Una storia intrigante
Da test sperimentale che girava nello stretto ambito dei laboratori, agganciò ben presto l’applicazione pratica. Il suo primo debutto nella genetica forense risale al 1986 e curiosamente fu usato non per incolpare un presunto maniaco ma per discolpare Richard Buckland, un ragazzo inglese che si era autoaccusato di aver commesso due stupri a due anni di distanza l’uno dall’altro: il test del Dna rivelò che era innocente.
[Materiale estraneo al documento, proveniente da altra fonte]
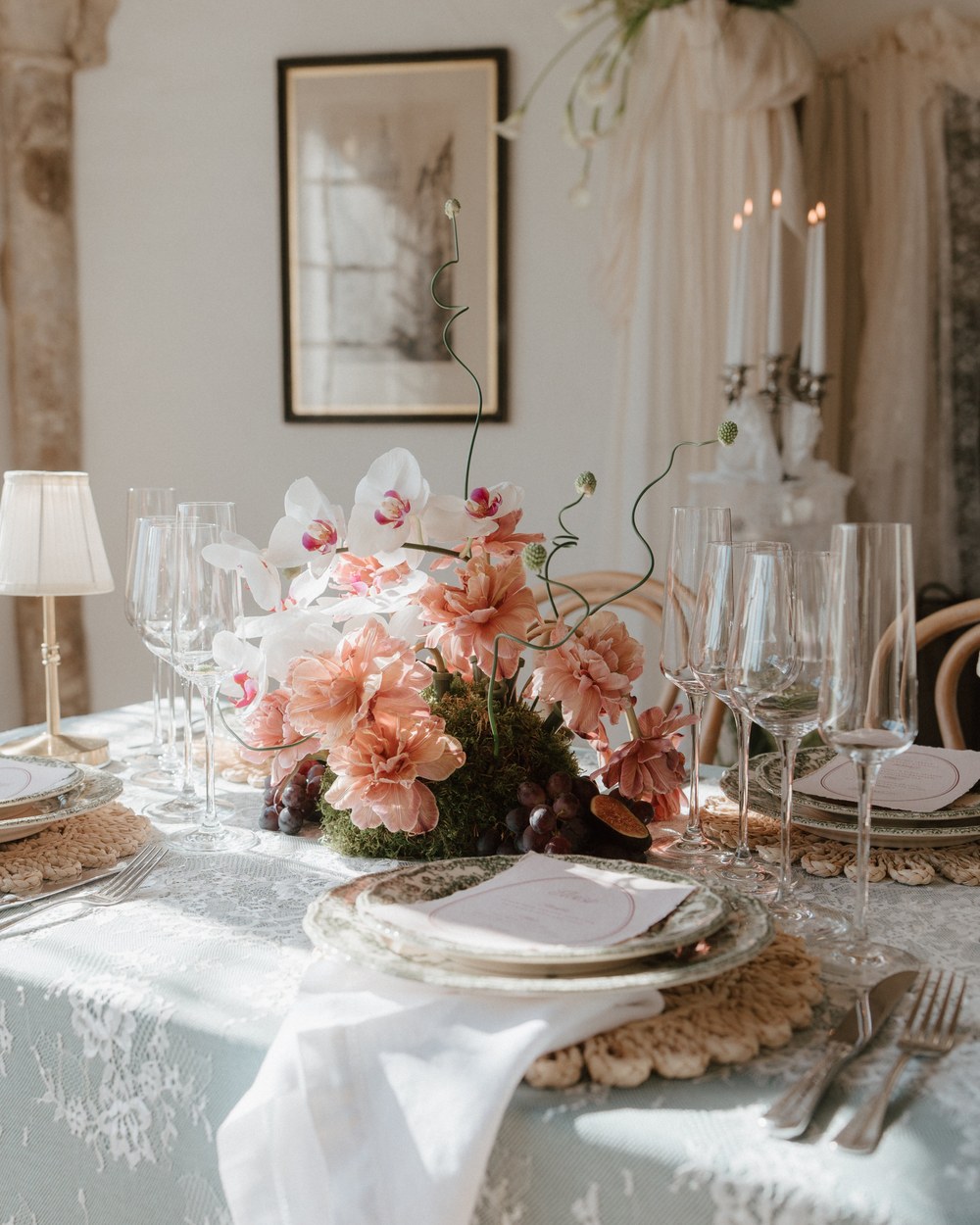A wedding breakfast table laid with a pale lace cloth, crochet placemats and small gold lamps, centred on a low arrangement of peach carnations, white orchids and grapes in a stone room.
Per risolvere i due casi, che all’epoca avevano coinvolto due quindicenni ed erano avvenuti tra l’altro nella stessa zona dove lavorava il professor Jeffreys, si dovette organizzare il primo screening genetico di massa: quello eseguito per indagare il caso di Yara non è stato dunque il primo in assoluto. Il test del Dna fu eseguito a 5 mila individui nel Leicestershire con gruppo sanguigno A, lo stesso che era stato ritrovato nelle tracce di liquido seminale lasciato sul corpo delle vittime: purtroppo nessuno dei profili genetici trovati corrispondeva a quello dell’assassino.
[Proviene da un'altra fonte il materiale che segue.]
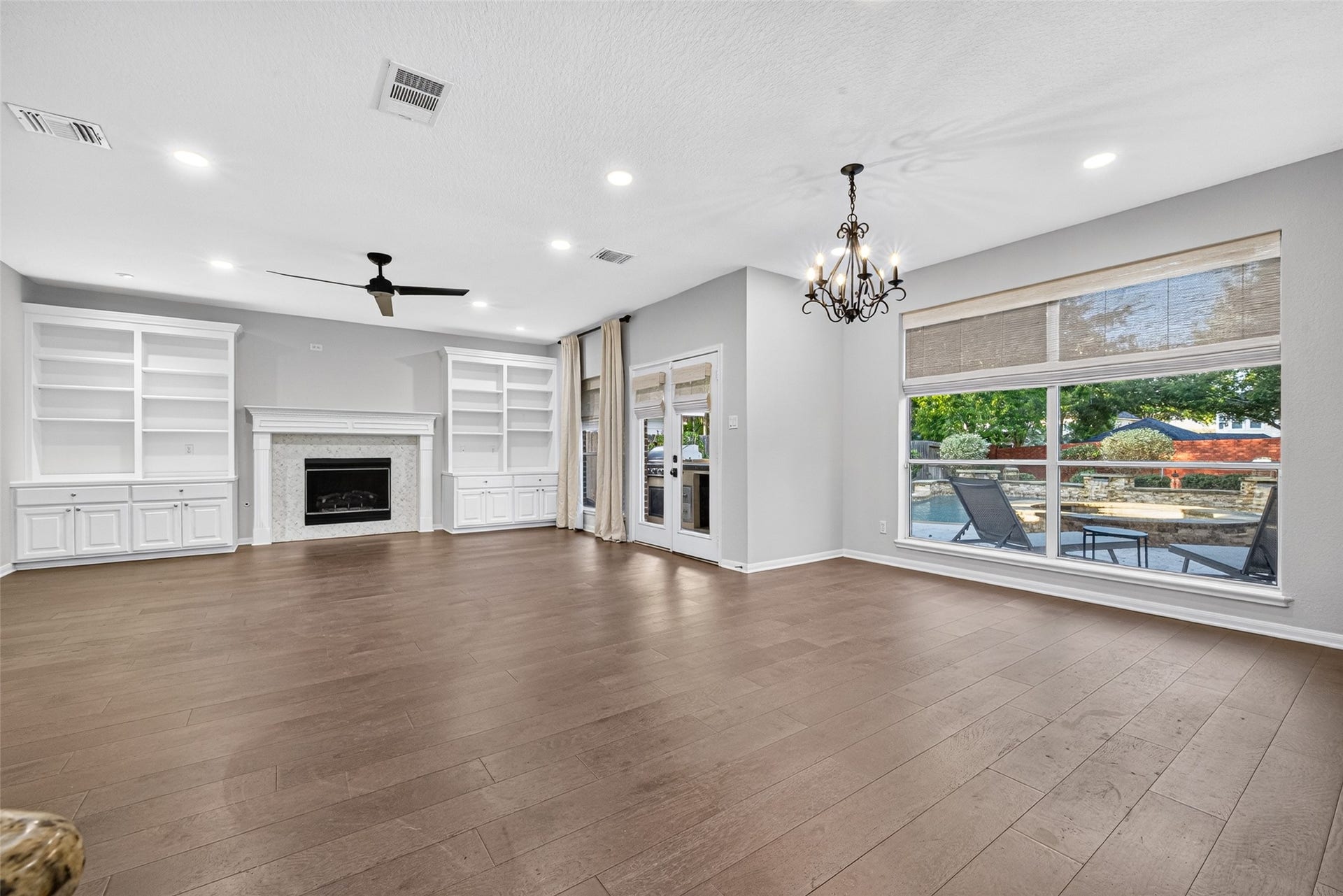 7707 Stone Arbor Drive, Sugar Land, TX 77479 CONNECTED SPACES FOR EVERYDAY LIVING! This wonderful view illustrates how seamlessly the spacious Family Room & adjoining Breakfast Room come together. With no walls separating the two areas, conversation flows naturally from one space to the next. Whether you're relaxing by the fireplace, enjoying a meal or visiting with friends, the open arrangement allows everyone to enjoy different activities while still feeling connected. And with those beautiful backyard views, the pool is never far from sight.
L’inizio dell’era del Dna fingerprinting
Nel 1987 si venne a sapere per puro caso che una persona che abitava nel Leicestershire aveva chiesto a un amico di sostituirlo nello screening di massa. Invitato a eseguire comunque il test del Dna, si rivelò essere l’autore dei due delitti: il suo Dna coincideva con quello delle tracce organiche trovate sui corpi delle vittime. Si chiamava Colin Pitchfork e il suo nome è ormai legato a doppia mandata all’esame a cui è stata riconosciuta da quel momento in poi la capacità di farci risalire al passato e di fotografare un avvenimento accaduto anche molto indietro nel tempo.